“Yeah, not exactly superhero-like, I know. My only super powers are teaching Middle-School kids and writing Indie YA novels. And those are powers that are easily ignored by the truly evil ones,” said Mickey, as if there were actual wisdom in his stupid, purple Mouse-Head.
“Well, you did write a pretty good novel in that last teacher story you wrote. It might make a difference if a few of the right people read it and understand what you are trying to say about education.”

“You’d have a pretty good point there if anybody ever read the danged thing. I have given away paperback copies, and now it’s free this weekend while so many people are stuck at home with lots of reading time and no reason not to click on the link to get it free for their Kindle or free Amazon cloud reader. Of course, it hasn’t even been reviewed one time. Not even by Page Publishing who supposedly edited and printed it before I moved it to Amazon.” Mickey had an ironic twinkle in his eye as he said it.
“Mickey, you are not very good at promoting your books. It is day two of the free book promotion, and you have only given away four copies.”
“I know, I know…” he said with a sigh. “But it is a pretty good story. The title character teaches English to sixth graders. And she is not only tasked with teaching some unique and somewhat challenging kids in the classroom, but she has to deal with difficult parents, an even-more difficult principal, and the fact that her little brother grew up to be a wizard and told the local invisible fairy kingdom that she was the key to helping them defeat the chaotic forces of evil from the fairy realm. You know, the same problems almost every teacher has.”

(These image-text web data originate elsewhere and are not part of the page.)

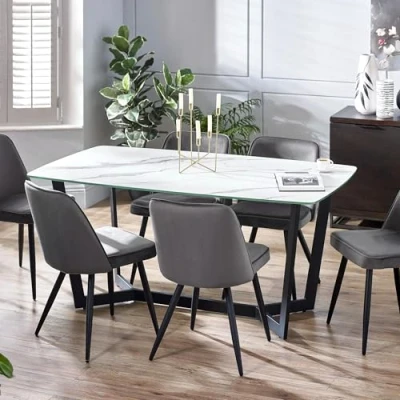 Image of Julian Bowen Olympus Dining Table, Glass and Metal, White Marble Effect Black, Height: 76, Width: 160, Depth: 90cm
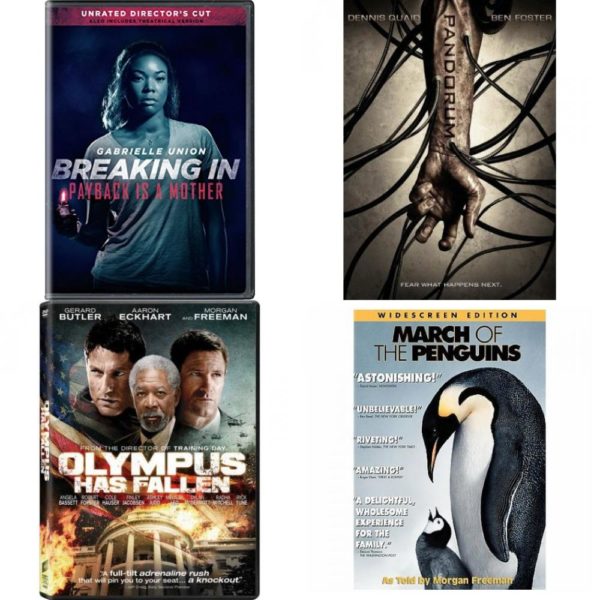 DVD Assorted Movies 4 Pack Fun Gift Bundle: Breaking In, Pandorum, Olympus Has Fallen, MARCH OF THE PENGUINS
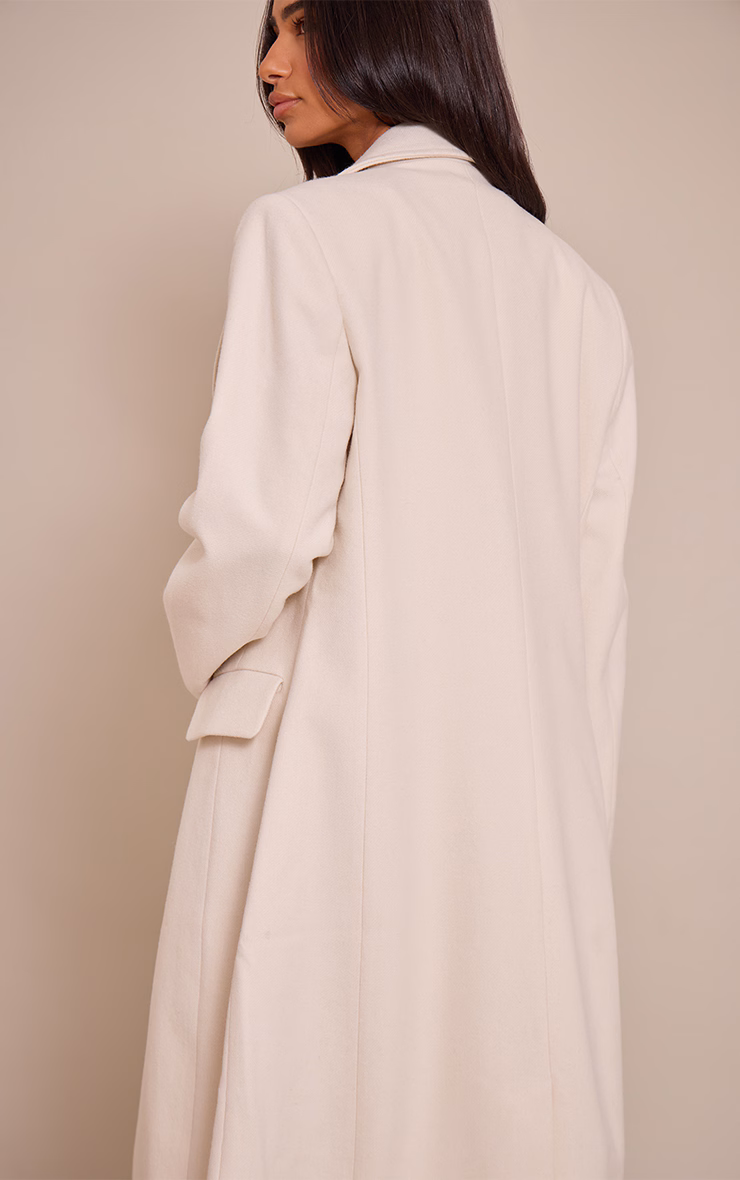 Petite Cream Single Breasted Seam Detail Wool Look Maxi Coat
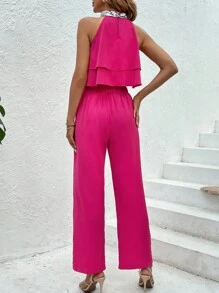 Allurite Top halter con lentejuela en contraste ribete con fruncido con pantalones - Rosa Fucsia - Ver 2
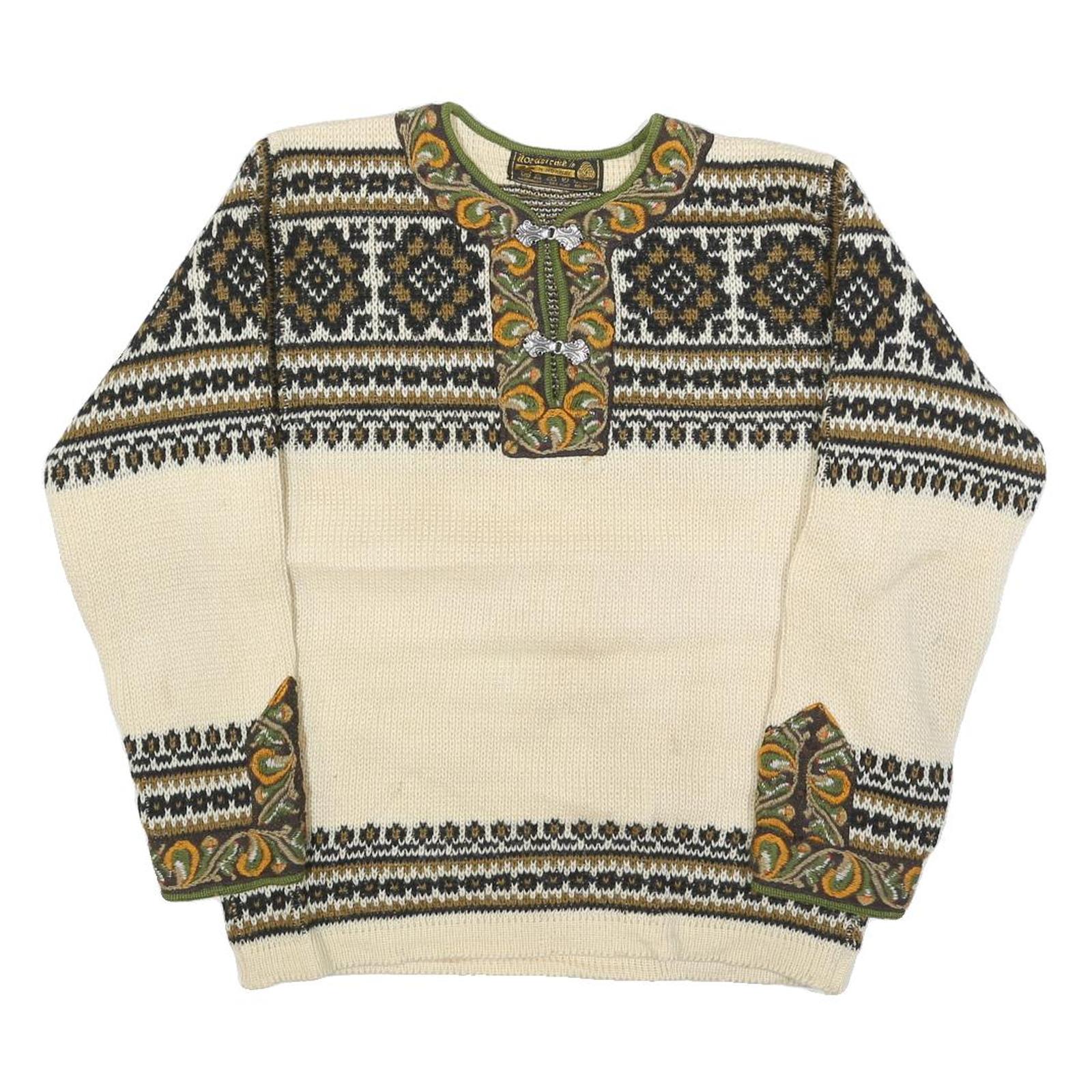 Buy NORDSTRIKE Womens Cream Patterned Wool Jumper Round Neck Chunky Knit M Designer Refurbished - $64.99 NORDSTRIKE Womens Cream Patterned Wool Jumper Round Neck Chunky Knit M Designer Refurbished - N/A refurbished available on Cerqular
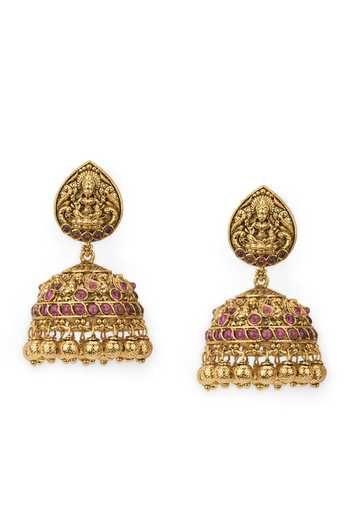Curio Cottage_Gold Plated Beads Laxmi Heirloom Petite Jhumkas_Online_at_Aza_Fashions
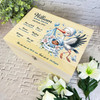 Blue Pink Floral Stork New Baby Boy Personalised Wooden Memory Keepsake Box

“It sounds like a book worth reading. And I should know. I have read the danged thing completely from beginning to ending about seven times. Of course, five of those times was because I wrote the previously-danged thing and needed to proofread it more than twice.”
“So, I am now trying to exert the full might of the Mickey and his miraculous super powers on you, the wonderful few who will actually read this dumb blog this far, but still haven’t clicked on the link. It is free, after all. What do you really have to lose?” Mickey shouted into the air of the internet.
Crickets were all we heard on this end.






















Sunday with Salvador
Today I am waxing on about the wonderful, mad, mad, mad genius of surrealist art, Salvador Dali. He was born in 1904 and died in 1989. And that’s really about all that I want to tell you about the physical parameters of his boundlessly creative life. He was alive in this world until I was already thirty-three. So, I got to see him on television and watch video biographies of him and his incredible artwork. Ones that included interviews. And if I get into his public persona, that will eat up the rest of his essay. Instead, I need to talk about his art, and how it modifies and magnifies what I am meant to be.
His most famous painting is the one that most clearly burned the image of melting clocks into our collective memory. He claimed, and others pretend to see it too, that it is a reaction to Einstein’s Theory of Relativity. But when I look at it with the melting mask of Dali himself in the center, I see the artist’s perception of time in the spaces within which creativity moves. Time melts and has no meaning when you are painting and writing from an endless roiling flow of new ideas and notions. Time becomes as irrelevant in that context as the ants on the pocket-watch or the dead tree from which one deflated clock-skin hangs, There is no past or future, only the creative now.
And in that creative now, the artist sees himself. But if you look too closely, the self vanishes into the picture, the currently considered, fascinating work of art.
You see the boy with the hoop and wearing a sailor suit? That symbol, he always claimed, was his lost brother, the one who died before he was born. The one whose death made his parents decide to have another child. Without that brother, Salvador would probably never have been existing at all.
And do you see the disappearing bust of Voltaire? Or when you look closely at the slave market in the background, is it simply no longer there? Things that disappear… things that become other things… tricks of perception, the fooling of the viewer’s eye… These are what the artist actually wants you to see. Not the well-portrayed physical reality, but the ghost of the shadow of an idea that’s hard to define.
And then there is the idea of war. Two world wars that took place in the prime-time of his painterly life.
Life does crazy things to the sensitive, suffering artist, and it shows in his work if not in his public personality.
And consider the artist’s notion of birth and life and death. Narcissus suffers for the sin of love of himself. He becomes petrified with age, a narcissus flower growing from his head, now an egg, the symbol of birth and rebirth.
And here is an exploded portrait of his beloved wife Gala.
All the elements float eternally in the air.
And you can see inside each thing.
Inside the home is the wife and mother.
Inside the mother is the child.
Inside the child is the loaf of bread that keeps him alive.
Does the bread, then, stand in for God himself?
Dali and his work is not simple. It is deeply, incongruously complex. But that is surrealism. That is how it works. Without getting into other complex symbols and such Dali-esque puzzles like burning giraffes, eggs, and Venus De Milo with bureau drawers in her torso, that is how Salvador spends his Sunday with me. An artist beyond time and space, long dead, but still speaking to me. And teaching me beautiful, untold things and stories of things.